为提高钝体建筑结构绕流模拟结果的精度，基于两种大涡模拟(large eddy simulation, LES)入口湍流生成方法，分别为NSRFG（narrow band synthesis random flow generation）方法和CDRFG（consistent discretizing random flow generation）方法，进行CAARC(commonwealth advisory aeronautical research concil)高层建筑标准模型绕流的数值模拟比较研究。以风洞试验结果为参照，在对大气边界层湍流风场进行模拟验证的基础上，详细对比分析采用上述两种方法模拟得到的建筑表面平均和脉动风压系数、绕流场湍流结构、风压系数概率密度分布特性等的差异，并着重从脉动风压非高斯特性角度进行探讨，检验采用上述两种方法模拟钝体建筑结构绕流的适用性和准确性。结果显示：在受来流直接作用的建筑迎风面，采用两种方法模拟的脉动风压基本都符合高斯特性；而在受分离流和尾流作用的侧风面和背风面，采用NSRFG方法能更好地反映建筑表面脉动风压的非高斯特性。极值风压分析表明，为了满足99.38%的保证率，CAARC标准模型迎风面极大与极小峰值因子需分别取为3.0和2.5，侧风面和背风面极大和极小峰值因子需分别取为2.5和4.0。
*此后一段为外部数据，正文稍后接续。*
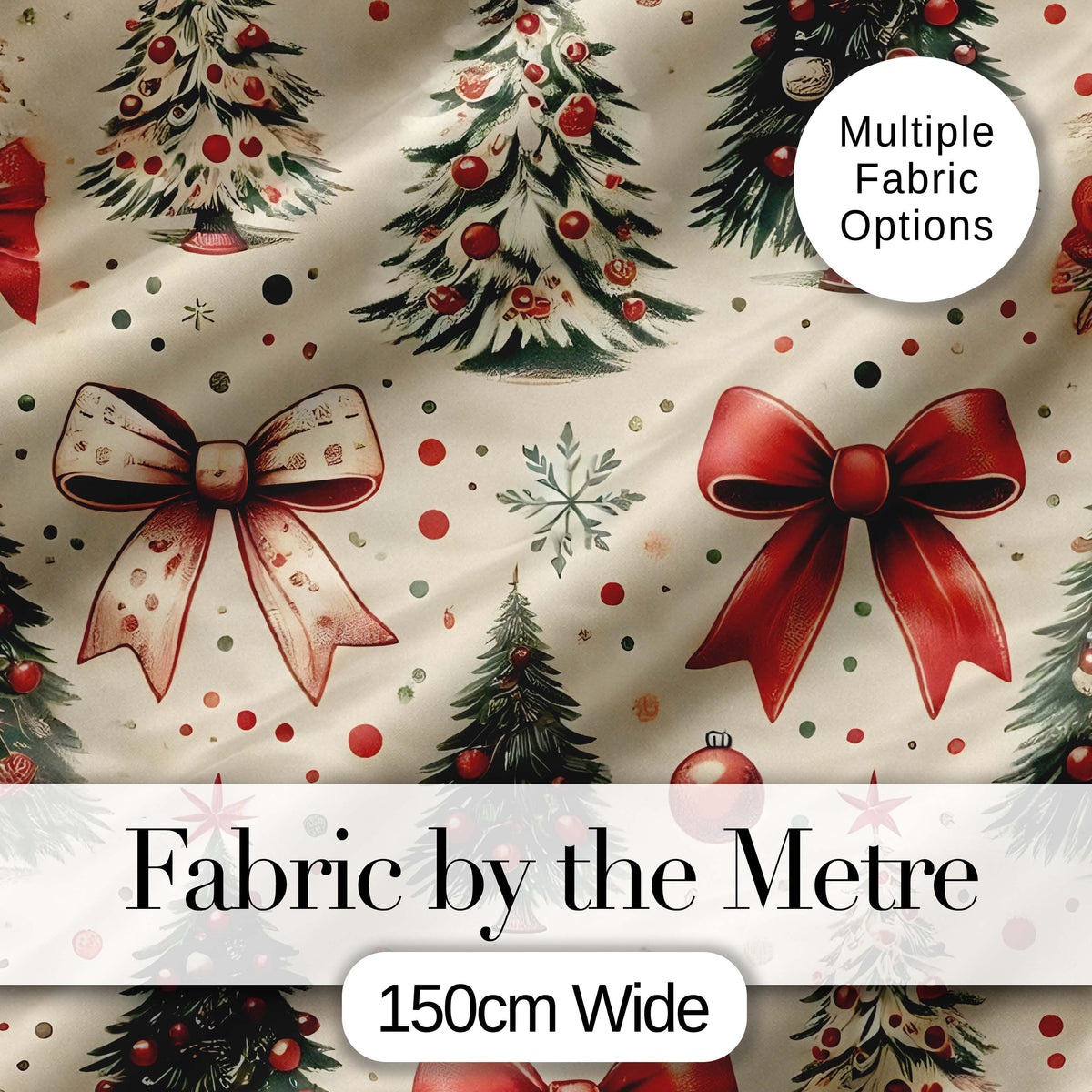 Vintage Christmas Trees with Red Bows Ornaments and Snowflakes Seamless Pattern Digital Print Fabric by the Metre UK Sewing Quilting Textile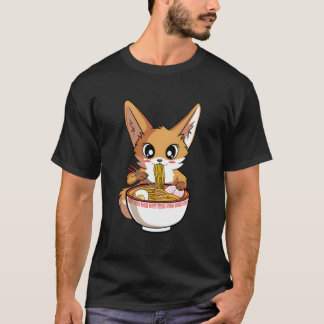 Kawaii Ra Fox Japanse Noedels Anime T-shirt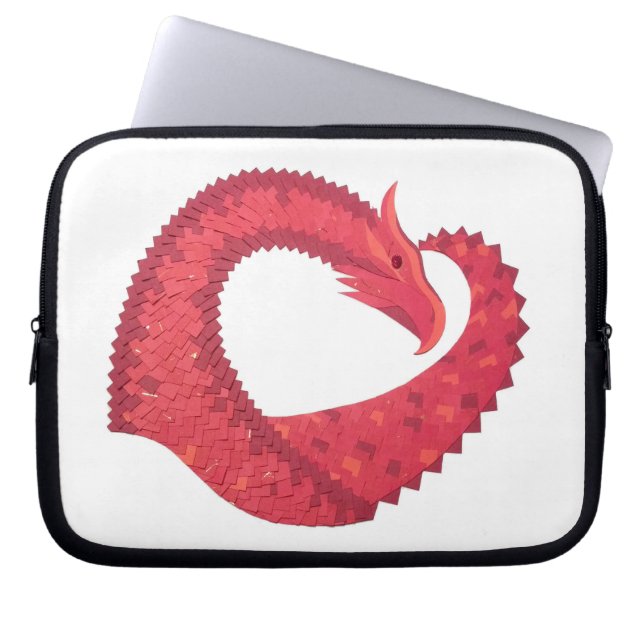 Rode hartdraak op wit laptop sleeve (Voorkant)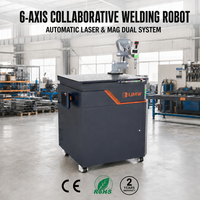 Mesin Las Laser Serat 2000W Portabel dengan Lengan Robot dan Dua Kepala untuk Fabrikasi Logam Aluminium, Baja, dan Baja Tahan Karat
Study on suitable method to simulate fluctuating wind pressurecharacteristics of standard high-rise building model based on LES

In order to improve the accuracy in simulations of the flow around bluff bodies, two new LES inflow turbulence generation methods, including the narrow band synthesis random flow generation (NSRFG) method and the consistent discrete random flow generation (CDRFG) method respectively, were adopted in the comparative study of the flow around the commonwealth advisory aeronautical research concil (CAARC) standard high-rise building model. The numerical verification work of the turbulent wind field for the atmospheric boundary layer (ABL) flow was conducted. Subsequently, the differences between the mean and fluctuating wind pressure coefficients, the turbulent flow characteristics, and the probability density distribution characteristics of the fluctuating wind pressure coefficients obtained by the two methods were analyzed by comparing with the wind tunnel test results. The non-Gaussian characteristics of the fluctuating wind pressure were addressed to verify their applicability and accuracy in simulating flow around bluff bodies. Results show that the fluctuating wind pressures obtained by the two methods on the windward side, which are directly affected by the incoming turbulent flow, both satisfy the Gaussian distribution. The NSRFG method reflects relatively better performance in simulating the non-Gaussian distribution for the fluctuating wind pressure on the lateral and leeward sides, which are more influenced by the separated and wake flow. To satisfy an insurance rate of 99.38%, analysis of peak wind pressure shows that the maximum and minimum peak factors on the windward side of the CAARC model should be taken as 3.0 and 2.5 respectively, while those values should be 2.5 and 4.0 on the lateral and leeward sides.